TASK OBJECTIVE: Copy the data below exactly. Any pictures in it should be omitted.

DATA PROVIDED:
======

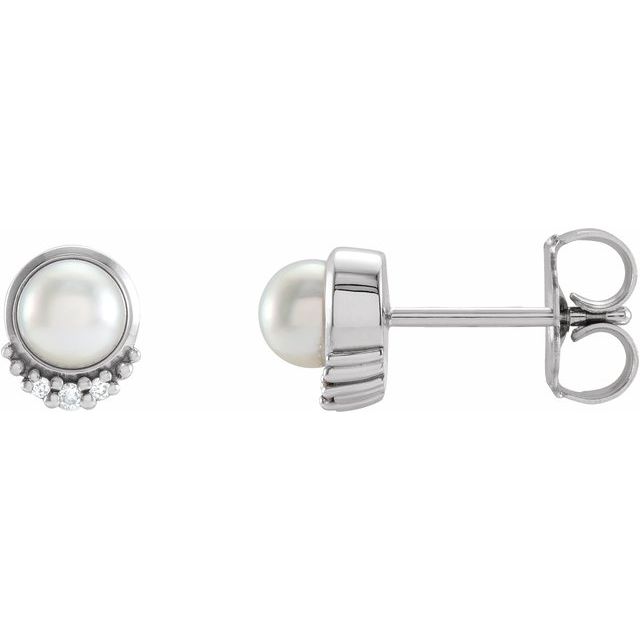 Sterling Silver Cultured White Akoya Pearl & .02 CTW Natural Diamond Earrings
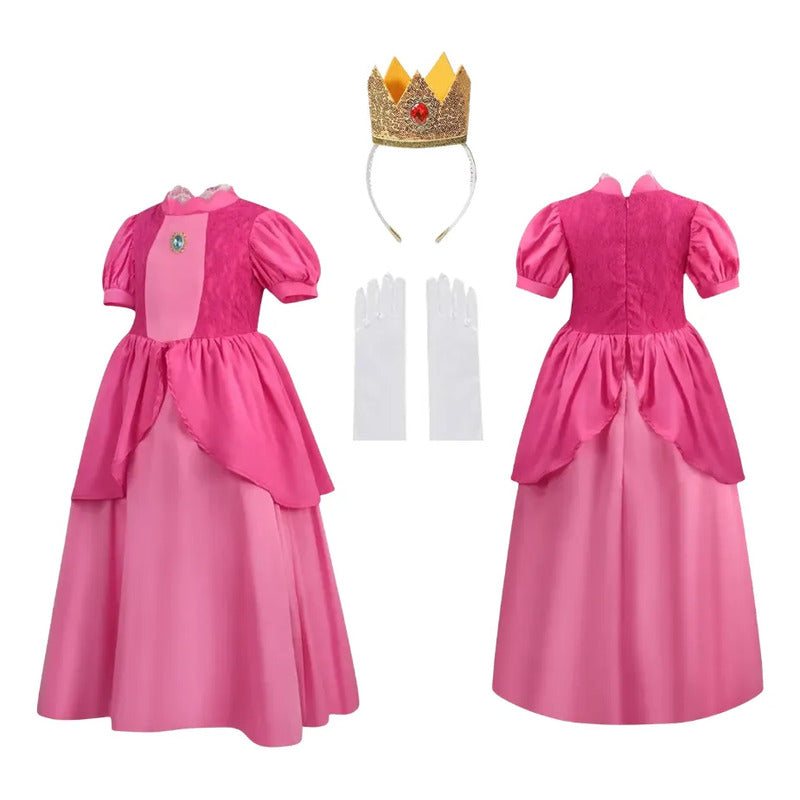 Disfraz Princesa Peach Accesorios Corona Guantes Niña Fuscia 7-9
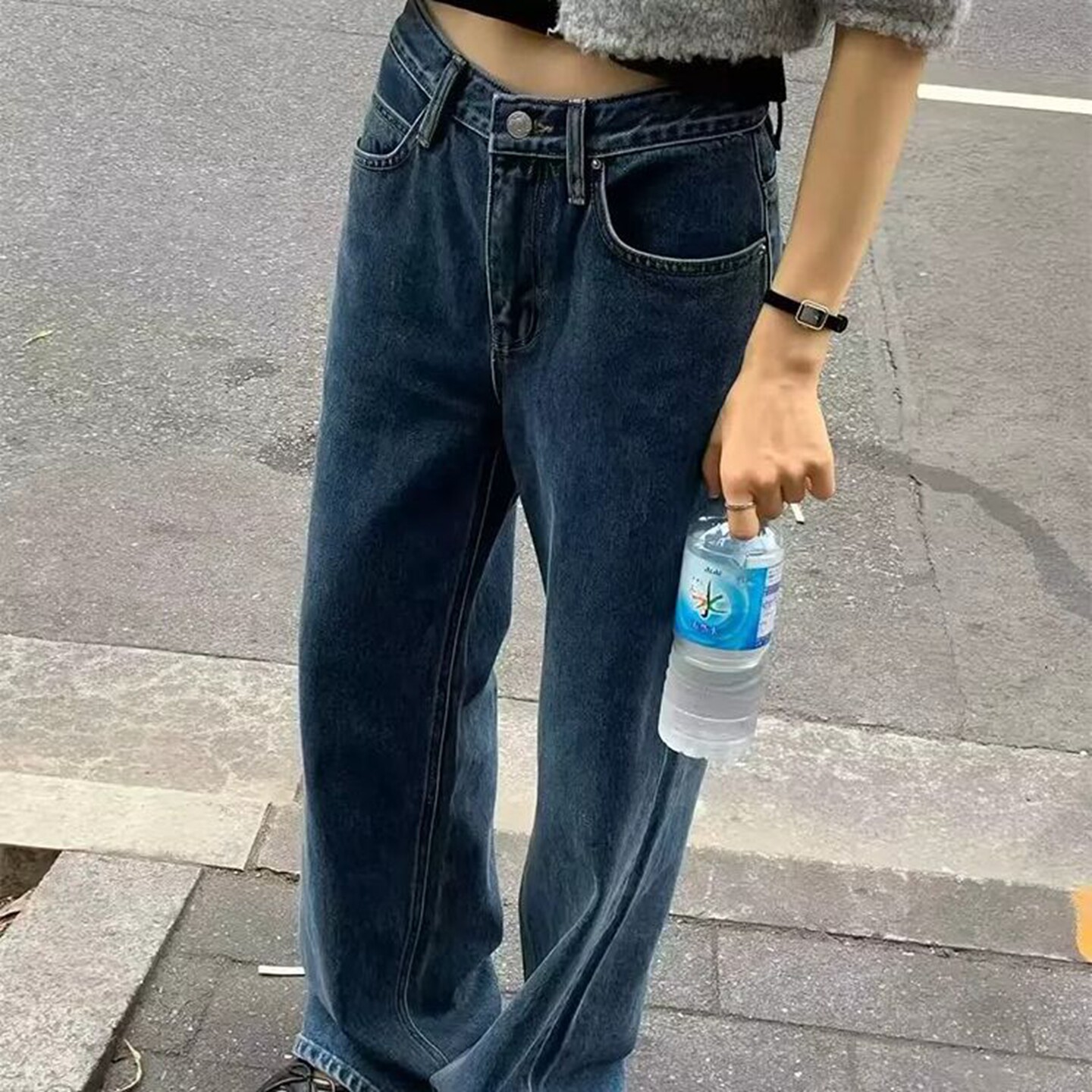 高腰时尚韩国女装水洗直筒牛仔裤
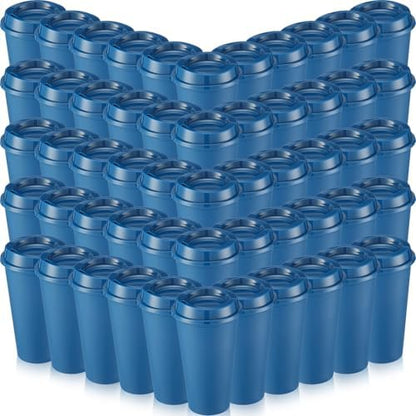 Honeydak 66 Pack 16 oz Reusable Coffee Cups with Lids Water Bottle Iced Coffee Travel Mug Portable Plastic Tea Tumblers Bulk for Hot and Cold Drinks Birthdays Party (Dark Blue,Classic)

======

ANSWER SPACE:
 Sterling Silver Cultured White Akoya Pearl & .02 CTW Natural Diamond Earrings
 Disfraz Princesa Peach Accesorios Corona Guantes Niña Fuscia 7-9
 高腰时尚韩国女装水洗直筒牛仔裤
 Honeydak 66 Pack 16 oz Reusable Coffee Cups with Lids Water Bottle Iced Coffee Travel Mug Portable Plastic Tea Tumblers Bulk for Hot and Cold Drinks Birthdays Party (Dark Blue,Classic)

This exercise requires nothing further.